JAKARTA--Pemberian susu formula bayi pada situasi darurat dan bencana lainnya tidak boleh sembarangan karena terbatasnya sarana untuk menyiapkannya, seperti air bersih, alat masak, botol steril, dan lainnya ditempat pengungsian. UNICEF (Badan Anak-anak Perserikatan Bangsa-Bangsa) dan Organisasi Kesehatan Dunia (WHO) mengingatkan bahaya pemberian susu formula di pengungsian yang disajikan tak sesuai prosedur dapat berdampak diare pada bayi.

foto Detak-c0

Seperti yang dilansir berita-Antara, kasus di Bantul Yogyakarta, setelah mengalami gempa bumi menunjukkan kalau 25 persen anak di bawah usia 2 tahun terkena diare karena meminum susu formula. Karena itu, sebaiknya jangan asal memberi bantuan susu formula dan susu bubuk tanpa persetujuan dari Dinas Kesehatan Provinsi atau kabupaten, atau kota setempat.

 

Kementerian Kesehatan memiliki kebijakan dalam menerima pemberian bantuan susu formula bagi anak korban bencana gempa dan Tsunami di Palu dan Doaggala. Hal ini ditegaskan dalam surat Direktur Jenderal Kesehatan Masyarakat, dr. Kirana Pritasari, MQIH yang ditujukan kepada Kepala Dinas Kesehatan Provinsi Sulawesi Tengah, sehubungan dengan bantuan susu formula dari berbagai pihak sebagai wujud kepedulian dan rasa simpati terhadap korban gempa.

 

Ada delapan butir kebijakan Kemenkes yang disebutkan dalam surat pemberitahuan itu, diantaranya :

 

1). petugas di lapangan harus melindungi, mempromosikan dan mendukung ibu agar tetap menyusui.

 

2).Semua donasi yang berupa pengganti ASl, botol, dan dot harus ditempatkan di bawah pengawasan dan pemantauan Dinas Kesehatan Provinsi/Kab/Kota setempat.

 

3).Pemberian susu formula harus dengan pengawasan petugas kesehatan dengan penjelasan cara penyiapan dan pemberian yang baik dan benar.

 

4).Pemberian susu formula harus disertai air minum dalam kemasan (AMDK) karena tidak tersedia air bersih dan bahan bakar untuk memasak.

 

5).Pemberian susu formula menggunakan cangkir atau gelas karena mudah dibersihkan.
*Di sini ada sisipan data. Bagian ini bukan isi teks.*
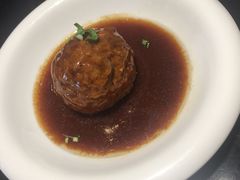 鸭蛋黄狮子头-梅飞酒家(桑园路店)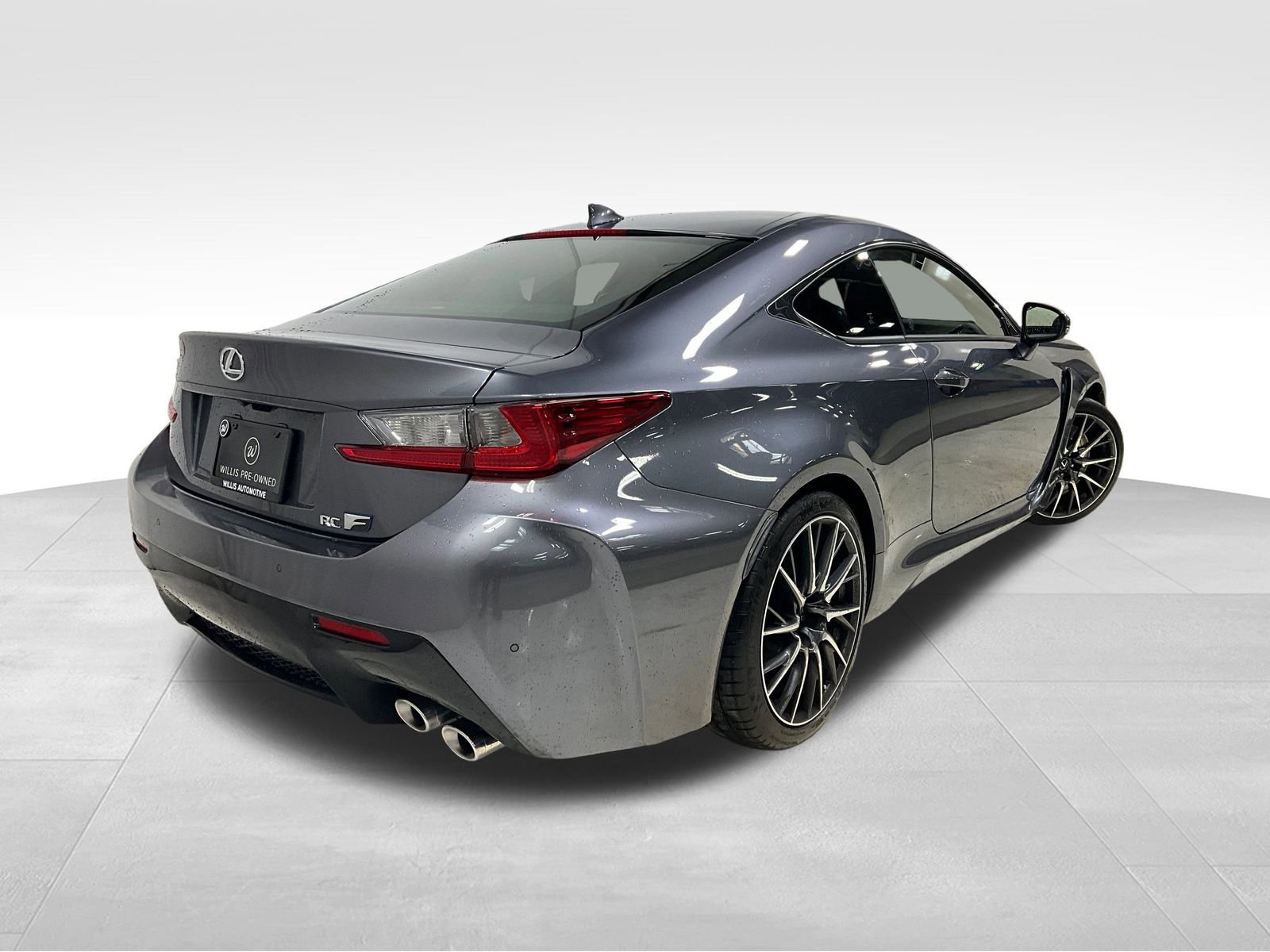 Used 2017 Lexus RC F image 11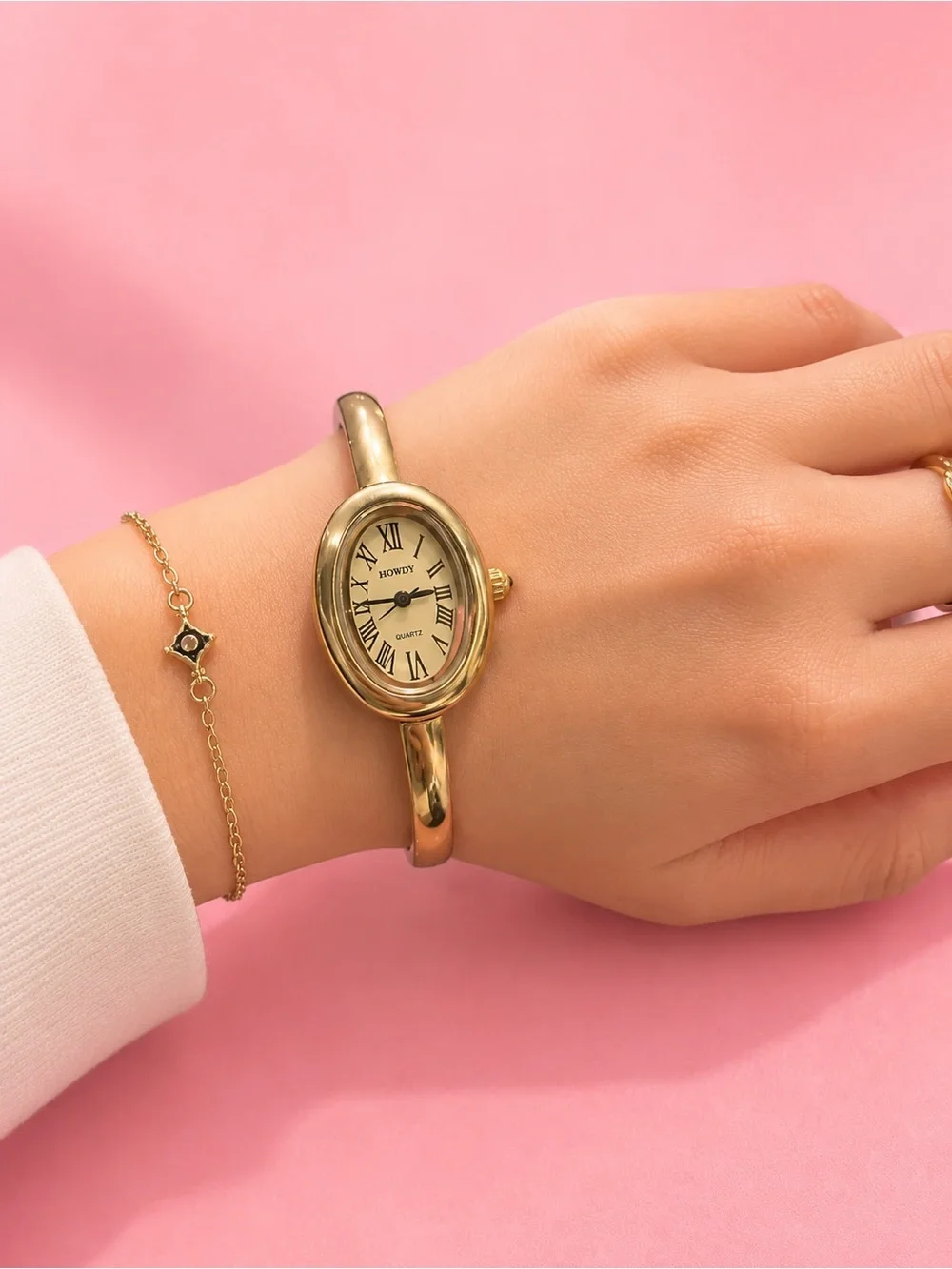 Baignoire Vintage Gold Oval Bracelet Watch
Botol dan dot tidak dianiurkan karena sulit dibersihkan dan mudah terkontaminasi.

 

6).Pemberian susu formula pada bayi dan anak dibawah 24 bulan bersifat sementara sampai ibu bisa menyusui kembali kecuali bayi piatu, bayi yang sejak lahir tidak diberi ASI dan ibu sakit berat.

 

7).Susu formula dapat dimanfaatkan sebagai bahan baku pembuatan makanan padat gizi seperti kue basah atau puding terutama diberikan kepada balita,ibu hamil dan lansia.

 

8).Bantuan susu formula sekurang-kurangnya mempunyai masa kadaluwarsa 1tahun lagi, terhitung sejak tanggal didistribusikan.

 

Dalam surat itu pula menyebut agar Dinas Kesehatan Prrovinsi Sulawesi Tengah dapat menyebarluaskan kebijakan Kemenkes itu kepada para petugas kesehatan, mitra pemerintahan, lembaga donor, lembaga swadaya masyarakat dan masyarakat luas.—(Humas).